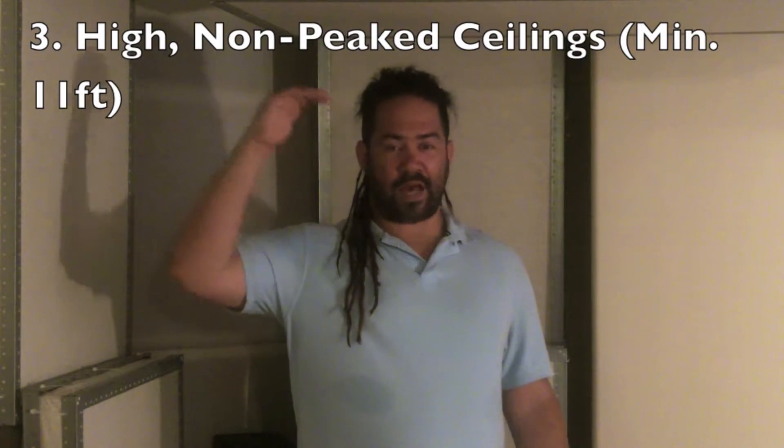The ceilings should be as high as possible. Ideally at least 11 feet, and also not peaked, so barn-type ceilings are not the best, though you can work around it.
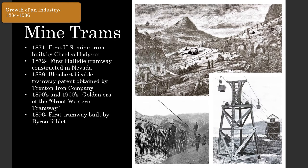Mining drove the growth of the ropeway industry during this time period. Ropeways were already being used at coal mines and factories in Europe, but the discovery of ore deposits in the rugged Rocky Mountains opened up new opportunities. The first mine tram in the United States was built by Charles Hodgson in 1871 in Nevada, though it was notoriously unreliable. Andrew Halliday's first tram was built in 1872, also in Nevada, and his monocable system was the standard for a decade. The Bleichert bi-cable system arrived through the Trenton Iron Company in 1888, and the next 20 years saw impressive mine trams across the American West, with Byron Reblette also entering the industry.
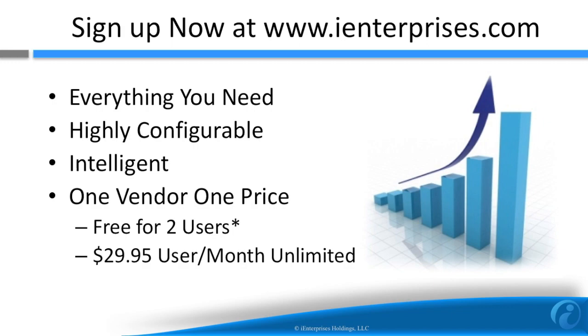Wrapping up, iCRM provides everything you need to sell more now. There's even a free version for two users, and the unlimited version that really includes everything is only $29.95 per user per month. Sign up now at www.ienterprises.com. Thank you.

........

Every line above gets copied exactly; none of the pictures do.

The ceilings should be as high as possible. Ideally at least 11 feet, and also not peaked, so barn-type ceilings are not the best, though you can work around it.
Mining drove the growth of the ropeway industry during this time period. Ropeways were already being used at coal mines and factories in Europe, but the discovery of ore deposits in the rugged Rocky Mountains opened up new opportunities. The first mine tram in the United States was built by Charles Hodgson in 1871 in Nevada, though it was notoriously unreliable. Andrew Halliday's first tram was built in 1872, also in Nevada, and his monocable system was the standard for a decade. The Bleichert bi-cable system arrived through the Trenton Iron Company in 1888, and the next 20 years saw impressive mine trams across the American West, with Byron Reblette also entering the industry.
Wrapping up, iCRM provides everything you need to sell more now. There's even a free version for two users, and the unlimited version that really includes everything is only $29.95 per user per month. Sign up now at www.ienterprises.com. Thank you.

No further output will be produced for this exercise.